WHAT THIS TASK INVOLVES =>
Reproduce the listing that follows in full. Omit its images.

EXERCISE DATA =>
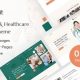 Medunit | Psychology Health Care WordPress Theme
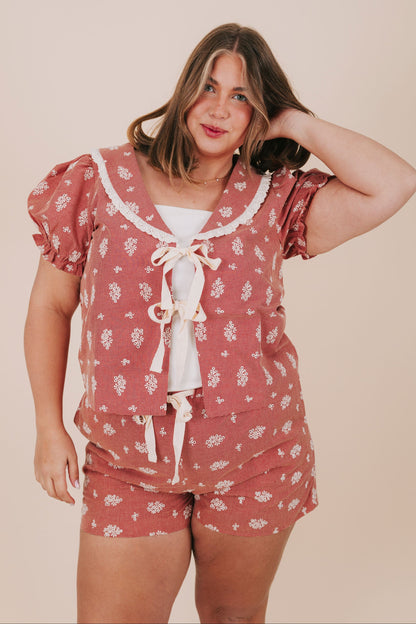INCLUSIVE SIZING - Arriving Soon Top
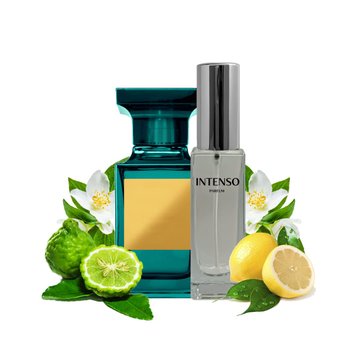 Духи Intenso Parfum NEROLI PORTOFINO Унисекс 35ml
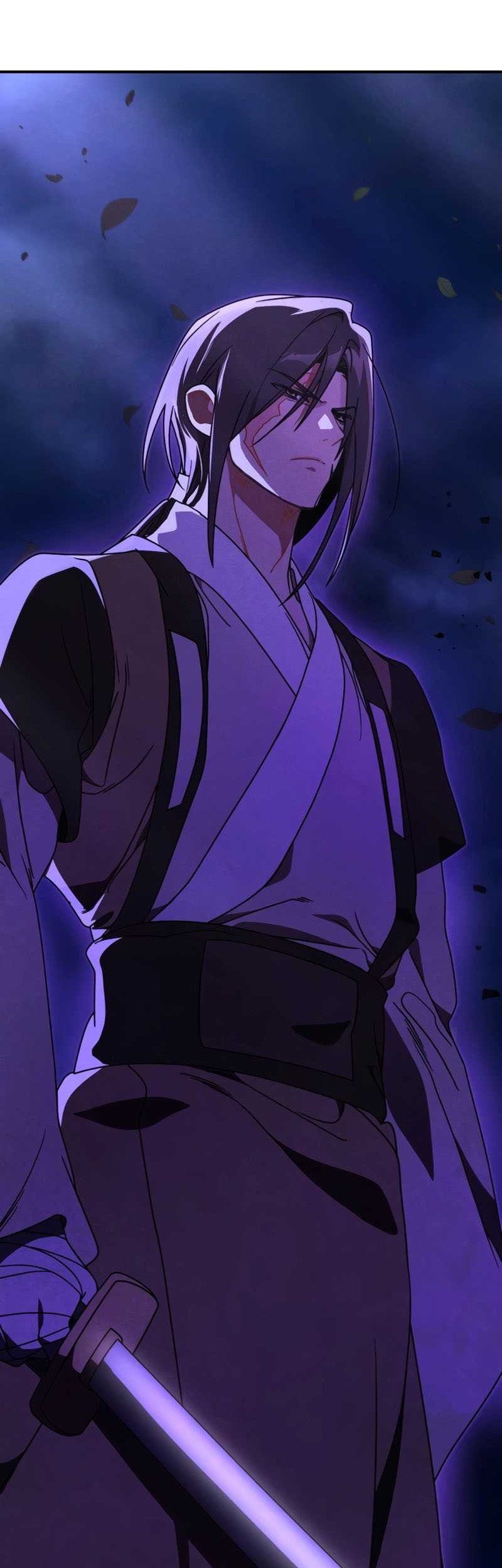Chronicles Of The Martial God’s Chapter 93 - halaman 11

WRITTEN REPLY =>
 Medunit | Psychology Health Care WordPress Theme
INCLUSIVE SIZING - Arriving Soon Top
 Духи Intenso Parfum NEROLI PORTOFINO Унисекс 35ml
Chronicles Of The Martial God’s Chapter 93 - halaman 11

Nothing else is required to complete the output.